Nyengir…”udah tamat, Da.”
“apoteker?”
Aku mengangguk.
“serius?” seperti tak yakin dia. Aku mengangguk yakin. Huumm, apa aku kaga ada tampang-tampang apotekernya? Atau, lebih mirip tampang anak IAIN yah? Hihi. Abiisss…, banyak yang nyangka begitu. Dikirain saia anak IAIN. Hihi. Anak IAIN? Hee…
“waaah. Asli sini?”
“Yup.”
“apoteker langka yah di sini?”
“he eh.”
“trus, sekarang kerja dimana?”
“pengangguran, Da. Hihi.” Dia tertawa. Aku juga.
Hehe…akhirnya, si uda mengatakan bahwa apotekernya sudah mau habis masanya, dan udah mau balik ke kampungnya. Dan dia lagi nyariin apoteker buat APA di apoteknya.
“trus, apotekernya itu mana Da?” aku clingak-clinguk kiri kanan.
“tak ada tuh. Datengnya mah pas ngambil gaji ama nanda tangan SP doang.”
Hee…sudah kuduga! Perilaku turun menurun si apoteker.
Antara idealita dan realita. Begitulah. Akhirnya aku paham, mengapa banyak orang yang di masa-masa idealisnya—katakanlah salah satunya semasa mahasiswa—tiba-tiba menjadi pelaku apa yang ditentangnya itu ketika ia telah berada di ranah kerja. Karena duit itu sulit. Dan karena duit itu adiktif! Hmm…pantas saja, banyak orang kehilangan idealism nya ketika berjumpa dengan duit. Dan pantas pula banyak yang menggadai mahalnya harga kejujuran dan keadilan demi empat hutuf itu. Uang!
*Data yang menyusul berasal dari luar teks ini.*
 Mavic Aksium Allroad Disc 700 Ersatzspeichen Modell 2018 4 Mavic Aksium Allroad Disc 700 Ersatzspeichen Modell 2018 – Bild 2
Dulu, semasa masih menjadi mahasiswa, aku pernah satu travel dengan seorang mantan aktivis 98 yang ikut menumbangkan cabinet-nya pak Soeharto. Mungkin dia melihat ke-idealis-anku atau mungkin dia (terlanjur menilai) aku sebagai seorang aktivis (hee….padahal kan aku cukup moderat yaah…gak aktivis tulen laah. Hihi), akhirnya kami bertukar cerita. Ia ikut berkoar-koar. Ikut turun kejalan. Ikut meneriakkan yel-yel. Tapi apa? Katanya, idealism tinggal lah idealism. Ketika pun ia menjadi pelaku di ranah legislative, ia pun menjadi apa yang dahulu ia tentang. Begitu ceritanya. Dan baginya, idealism hanyalah milik mahasiswa. Hmm...aku menyelami itu. Aku memahaminya. Hanya saja belum merasainya. Dan, sekarang, aku benar-benar sangat paham sekaligus merasakan…apa yang dirasakannya.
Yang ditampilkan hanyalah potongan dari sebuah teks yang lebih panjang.